WDL-based pipelines for whole genome and exome sequencing analysis

Date:

November 14-16, 2018. Co-authored with Muñoz-Barrera A, Rubio-Rodríguez LA, Lorenzo-Salazar JM, Flores C, Pérez-González CJ and Roda-García JL. Abstract Booklet #19, page 40.

Abstract

Next Generation Sequencing data analysis comprises a series of computational tasks frequently based on the use of command line tools. These analyses are defined in workflows that group all the necessary tasks, improving data processing performance and results interpretation. Some Domain Specific Languages (DSLs), such as WDL and Nextflow, have been recently created to define and program complex pipelines, as well as to improve the parallelization, the scalability and the reusability.
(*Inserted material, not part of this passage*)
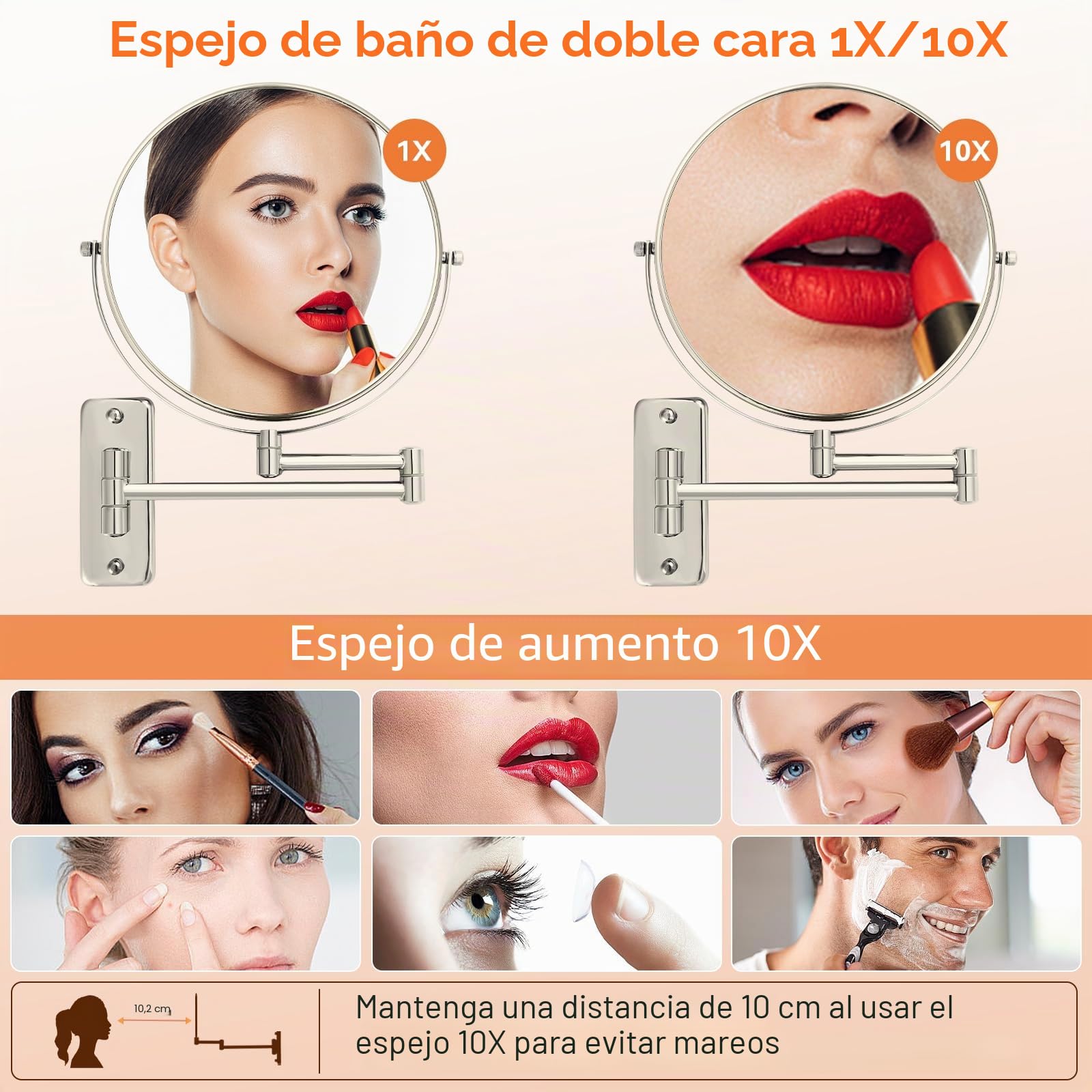 Espejo de baño extensible de 8 pulgadas con aumento de 1X/10X, giratorio de 360° de doble cara y espejo de afeitado, acabado de níquel (sin luz)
We have developed a complete pipeline programmed in WDL via scripting and Rabix Composer based on the Broad Institute’s best practices and the Genome Analysis Toolkit (GATK4) to analyze whole‐genome (WGS) and whole‐exome (WES) data. This pipeline is able to process data from one or several WGS/WES of multiple individuals. It allows to parallelize the analysis in multiple tasks and nodes, and runs in environments based on Docker Swarm or in high‐performance computing systems such as TeideHPC at ITER (http://teidehpc.iter.es/en/home). Interesting features are: possibility to run on a HPC infrastructure connecting the Cromwell engine and the SLURM scheduler; starts from BCL data; demultiplexing of samples pooled across the flowcell; data processing both on a per‐lane and a per‐sample basis; possibility to handle hg19 and hg38 reference genomes; programmed to restart from every step in case of fail. For benchmarking, we are following the guidelines of the Truth and Consistency precisionFDA challenges using Genome In A Bottle Consortium released genomes data. A full pipeline is currently running on TeideHPC to analyze WGS and WES germline data produced by an Illumina HiSeq4000 sequencing platform for research purposes. These resources are available at: https://github.com/genomicsITER/wdl Funded by Ministerio de Ciencia, Innovación y Universidades (RTC‐2017‐6471‐1; MINECO/AEI/FEDER, UE). This work has been supported by the CEDeI program (Centro de Excelencia de Desarrollo e Innovación, Cabildo de Tenerife). The authors also thankfully acknowledge the computer resources and the technical support provided by TARO Research Group of the University of La Laguna.